Servidor que orientou fatiamento do impeachment diz que medida segue lei

Pedro Ladeira/Folhapress
BRASILIA, DF, BRASIL, 01-06-2016, 19h00: O ex-ministro da justiça e ex AGU do governo Dilma, José Eduardo Cardozo, entrega a defesa da presidente afastada Dilma Rousseff ao secretário geral da mesa do senado, Luiz Fernando Bandeira de Mello Filho, no gabinete da secretaria geral. (Foto: Pedro Ladeira/Folhapress, PODER)
O advogado de Dilma Rousseff, José Eduardo Cardozo, entrega a defesa a Luiz Fernando Bandeira

O secretário-geral da Mesa Diretora do Senado, Luiz Fernando Bandeira, afirma que a Casa não violou a Constituição ao permitir o fatiamento da votação do impeachment de Dilma Rousseff.

Com a divisão, os senadores cassaram o mandato de presidente de Dilma, mas mantiveram a habilitação dela para ocupar funções públicas.

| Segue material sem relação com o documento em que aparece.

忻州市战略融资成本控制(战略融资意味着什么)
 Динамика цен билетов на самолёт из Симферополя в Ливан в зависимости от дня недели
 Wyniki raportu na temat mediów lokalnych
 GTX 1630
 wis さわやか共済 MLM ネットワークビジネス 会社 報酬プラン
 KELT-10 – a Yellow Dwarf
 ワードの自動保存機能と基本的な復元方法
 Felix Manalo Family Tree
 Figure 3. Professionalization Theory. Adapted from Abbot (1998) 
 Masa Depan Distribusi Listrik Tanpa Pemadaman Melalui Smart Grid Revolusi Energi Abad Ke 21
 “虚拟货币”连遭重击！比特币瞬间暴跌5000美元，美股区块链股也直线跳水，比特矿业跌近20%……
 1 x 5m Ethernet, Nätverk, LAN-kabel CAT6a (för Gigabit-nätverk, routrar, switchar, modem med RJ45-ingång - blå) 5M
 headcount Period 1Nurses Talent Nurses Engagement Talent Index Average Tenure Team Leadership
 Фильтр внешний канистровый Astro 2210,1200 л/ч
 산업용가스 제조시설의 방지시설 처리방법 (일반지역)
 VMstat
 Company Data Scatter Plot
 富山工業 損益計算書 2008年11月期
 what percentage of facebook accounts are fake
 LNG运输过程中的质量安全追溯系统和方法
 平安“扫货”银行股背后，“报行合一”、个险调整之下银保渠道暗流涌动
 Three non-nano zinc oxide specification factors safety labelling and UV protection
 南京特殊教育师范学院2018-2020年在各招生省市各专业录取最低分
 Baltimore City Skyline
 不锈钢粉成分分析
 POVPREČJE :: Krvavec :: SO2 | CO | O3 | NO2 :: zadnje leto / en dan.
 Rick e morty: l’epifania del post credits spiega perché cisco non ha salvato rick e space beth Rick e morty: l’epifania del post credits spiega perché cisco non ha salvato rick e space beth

A medida criou polêmica e divergências.

No Senado desde 2004 e ex-advogado-geral da Casa, Bandeira, 37, foi o escrivão do processo de impeachment e personagem constante nas discussões entre os políticos.

Na sessão de quarta (31), que cassou Dilma, Bandeira ajudou a orientar o presidente do STF (Supremo Tribunal Federal), Ricardo Lewandowski, a aceitar pedido do PT para dividir em duas votações o quesito sobre pena e habilitação para a função pública.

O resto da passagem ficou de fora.